A transistor is non-linear when it is near cutoff. Here is the simulation with an input of 20mV peak and an output that has the top of the sinewave squashed at over 2V peak. The output is far from clipping.

That is why audio opamps have replaced simple discrete circuits like this.

 

A transistor is non-linear when it is near cutoff. Here is the simulation with an input of 20mV peak and an output that has the top of the sinewave squashed at over 2V peak. The output is far from clipping.

That is why audio opamps have replaced simple discrete circuits like this.

Thanks AG. I will see if I can round up a circuit that uses a 741 op amp or such and a sim model for it.

 

You can trust the LTspice power gain calculation. Calculate the average power from the signal source (use ALT key) and the average output power on the load resistor. Then divide the second value by the first one. To avoid non-linearity, use a small input signal such as 1 mV. If the signal is larger, the power gain will drop. You can use the ".Meas" tool. You can use parametric analysis (input amplitude parameter) and build the power gain dependence on the input signal. Load your schematic (file asc) and I will help you. Perhaps your goal is to make an analytic calculation. But then you will have something to compare it with. So you'll know if you've made a mistake in your calculations.

 

The design of a lousy old 741 opamp is 52 years old and it has horrible spec's when compared with newer opamps. It works poorly for audio because it makes a lot of noise (rumble and hiss). Its datasheet shows only a +/-15V supply but some might work poorly with +/-5V. It has trouble producing high levels of audio frequencies above only 9kHz.
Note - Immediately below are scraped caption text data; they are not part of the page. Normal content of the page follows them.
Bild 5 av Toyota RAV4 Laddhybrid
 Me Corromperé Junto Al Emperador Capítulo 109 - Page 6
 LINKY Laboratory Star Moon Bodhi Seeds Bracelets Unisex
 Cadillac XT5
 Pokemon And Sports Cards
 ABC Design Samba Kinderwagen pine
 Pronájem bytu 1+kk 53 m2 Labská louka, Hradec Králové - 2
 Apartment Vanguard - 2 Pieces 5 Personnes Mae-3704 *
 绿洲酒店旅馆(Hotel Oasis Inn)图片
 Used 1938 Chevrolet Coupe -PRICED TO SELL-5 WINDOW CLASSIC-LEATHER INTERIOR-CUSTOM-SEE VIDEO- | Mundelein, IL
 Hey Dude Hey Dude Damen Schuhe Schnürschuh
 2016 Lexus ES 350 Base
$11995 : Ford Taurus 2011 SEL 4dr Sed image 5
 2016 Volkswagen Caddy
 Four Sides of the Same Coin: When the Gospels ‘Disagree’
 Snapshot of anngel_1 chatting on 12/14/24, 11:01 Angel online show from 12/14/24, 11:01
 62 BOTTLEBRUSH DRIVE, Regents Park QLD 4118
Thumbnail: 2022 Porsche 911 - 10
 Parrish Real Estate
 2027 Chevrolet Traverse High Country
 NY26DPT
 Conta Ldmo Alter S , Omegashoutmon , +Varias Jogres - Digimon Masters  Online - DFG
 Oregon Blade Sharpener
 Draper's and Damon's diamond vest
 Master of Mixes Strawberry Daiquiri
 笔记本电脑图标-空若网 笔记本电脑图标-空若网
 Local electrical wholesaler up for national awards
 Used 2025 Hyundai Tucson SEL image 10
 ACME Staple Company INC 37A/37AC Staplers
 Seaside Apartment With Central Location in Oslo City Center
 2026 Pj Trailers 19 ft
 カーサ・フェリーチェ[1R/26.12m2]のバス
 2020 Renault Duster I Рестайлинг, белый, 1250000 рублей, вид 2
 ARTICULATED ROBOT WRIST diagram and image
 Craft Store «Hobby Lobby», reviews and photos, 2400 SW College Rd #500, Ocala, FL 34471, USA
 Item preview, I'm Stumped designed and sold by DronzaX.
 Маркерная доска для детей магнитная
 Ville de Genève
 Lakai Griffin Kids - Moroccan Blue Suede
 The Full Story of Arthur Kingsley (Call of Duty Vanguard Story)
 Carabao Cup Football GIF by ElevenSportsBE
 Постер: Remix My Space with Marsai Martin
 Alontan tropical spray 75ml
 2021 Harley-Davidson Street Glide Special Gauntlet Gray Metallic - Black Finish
Opamps designed for audio have low noise and most work with a supply as low as +/-3V or a single polarity supply.
NE5532 and LM833 are duals, TL07x are single, dual or quad and OPA134 single, OPA2134 dual or OPA4134 are excellent quad audio opamps.

 

You can trust the LTspice power gain calculation. Calculate the average power from the signal source (use ALT key) and the average output power on the load resistor. Then divide the second value by the first one. To avoid non-linearity, use a small input signal such as 1 mV. If the signal is larger, the power gain will drop. You can use the ".Meas" tool. You can use parametric analysis (input amplitude parameter) and build the power gain dependence on the input signal. Load your schematic (file asc) and I will help you. Perhaps your goal is to make an analytic calculation. But then you will have something to compare it with. So you'll know if you've made a mistake in your calculations.

Thanks. I will try this.

 

The design of a lousy old 741 opamp is 52 years old and it has horrible spec's when compared with newer opamps. It works poorly for audio because it makes a lot of noise (rumble and hiss). Its datasheet shows only a +/-15V supply but some might work poorly with +/-5V. It has trouble producing high levels of audio frequencies above only 9kHz.

Opamps designed for audio have low noise and most work with a supply as low as +/-3V or a single polarity supply.
NE5532 and LM833 are duals, TL07x are single, dual or quad and OPA134 single, OPA2134 dual or OPA4134 are excellent quad audio opamps.

Thanks for the info.